High-Fidelity Simulation of Contra-Rotating Propellers

Allocated Resources (in node hours)
MeluXina CPU
System Partition
7 July 2023 - 6 July 2024
Allocation Period

Contra-rotating propellers aim at improved performance, in comparison with the conventional design of isolated propellers. Part of the tangential momentum gained by the flow through the front propeller is indeed recovered to produce additional thrust by the rear propeller. In this sense, contra-rotating propellers can be considered an energy-saving device, having the purpose of improving the efficiency and reducing the environmental impact of shipping.

Unfortunately, very little is known about the complex flow physics of this interesting technology, as demonstrated by the limited literature currently available on the subject. Performing physical experiments is challenging and expensive, even more than for conventional propellers.

Computational fluid dynamics is a powerful tool to complement their results. However, high-fidelity simulations are required to reproduce accurately the flow physics of this class of propellers, resulting in the need of huge computational resources on Tier-0 supercomputers, at the forefront of the current capabilities.

For instance, the interaction between the tip vortices shed by the two propellers plays a crucial role in the process of instability of the whole wake system and the resulting wake signature, in terms of turbulence statistics and hydro-acoustics.

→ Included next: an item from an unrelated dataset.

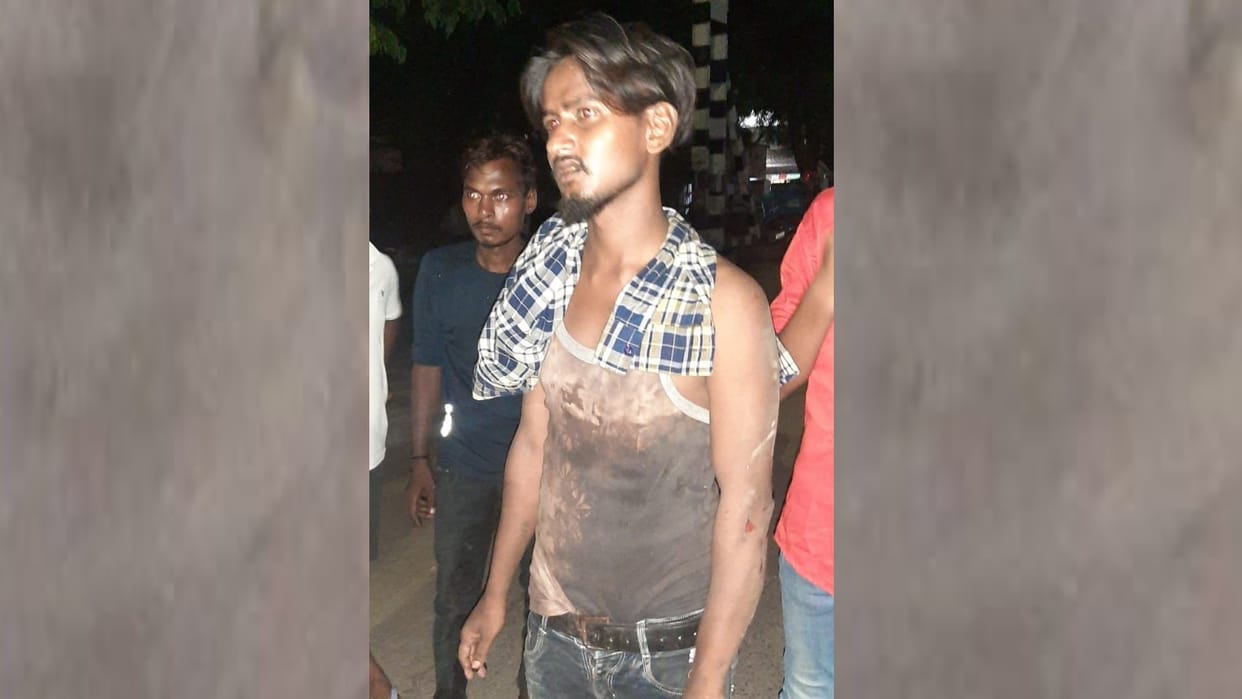 A man was dragged by two men in car for around two kilometers in Jankipuram Lucknow.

An improved insight is required, for the best exploitation of this technology by engineers through optimal design solutions. In this project high-fidelity, state-of-the-art fluid dynamic simulations on a computational grid consisting of 7.2 billion points will be conducted on a system of two contra-rotating propellers, for which detailed physical experiments are already available for validation purposes. For comparison, also simulations of the isolated front and rear propellers working alone will be performed. They will help us isolating the effect of the mutual interaction between the two propellers on performance, turbulence, dynamics of the major vortices, wake instability and hydro-acoustics.